Returns, not burns: how to ensure successful health IT investments

Healthcare Financial Management, Jan, 2005 by Ben Melson, Randy Thomas, Lynn Harold Vogel

To ensure objectivity, it's best to have an independent third-party perform the review. There's an inherent conflict of interest in having the returns reviewed by the same people who made the initial investment decision or led the system implementation. It will be hard for them to shift from the "sales" mode of promoting the project, where they are staking their position on the expectation of positive returns, to the "audit" mode of assessing whether their assumptions were correct. In the words of one industry observer, "It's like having the umpire and the batter be on the same team!"

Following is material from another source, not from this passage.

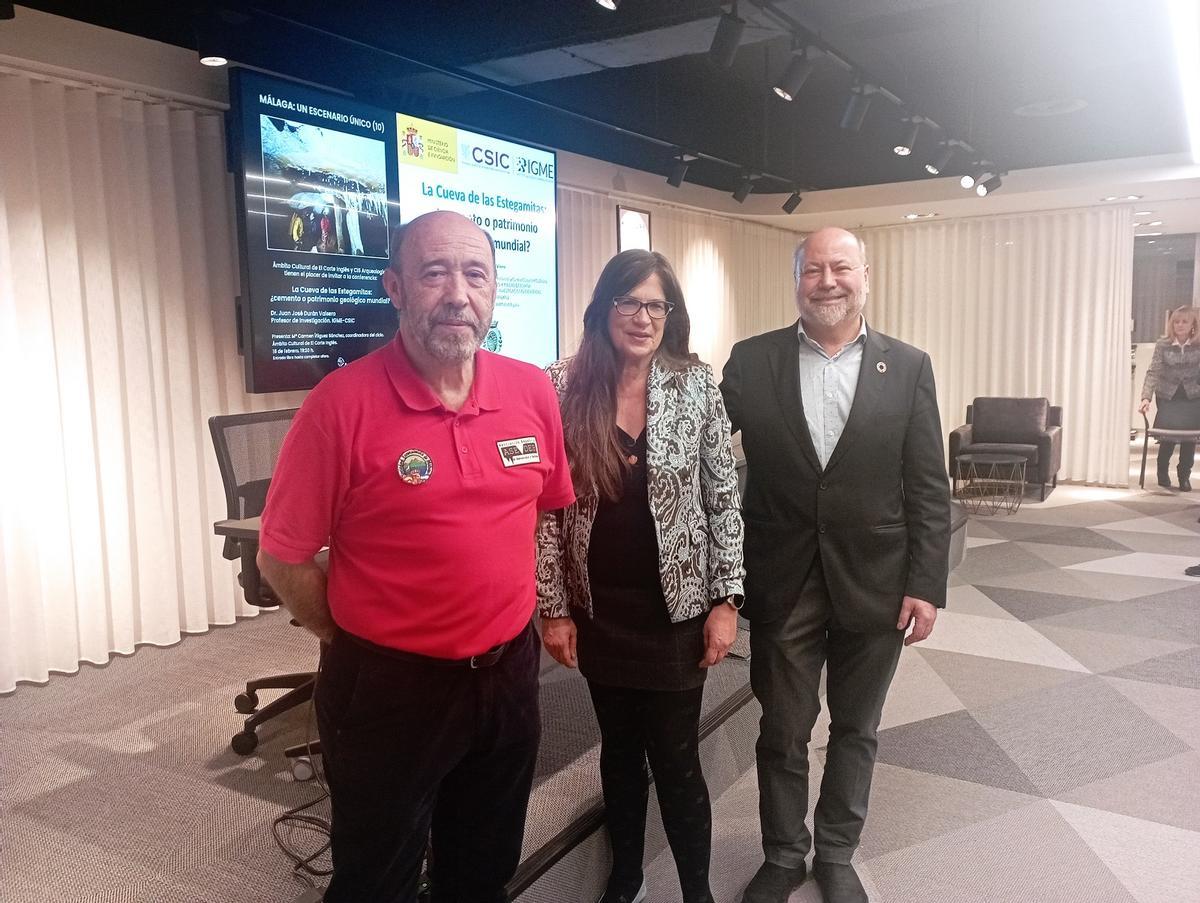 El espeleólogo José Enrique Sánchez, junto a la arqueóloga Carmen Íñiguez y el geólogo Juan José Durán, ayer en Ámbito Cultural.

Also, as was noted earlier, health IT investments often deliver returns over time. Even after an IT system implementation has been completed, the vendor will likely provide updates--sometimes on a monthly, quarterly, or semiannual basis. Sometimes, these enhancements can change the functionality of a system, which can affect the return on investment as well. The return on investment also may increase as staff' members incorporate the system's functionality into their workflow, and their knowledge of the system's features and functions increases.

With more complex systems, such as enterprise clinical IT systems, the project may involve so many long-term intangible benefits that it's difficult to determine exactly when the project could be deemed a financial success. This challenge underscores the need to start with a clear set of metrics, both tangible and intangible, at the outset.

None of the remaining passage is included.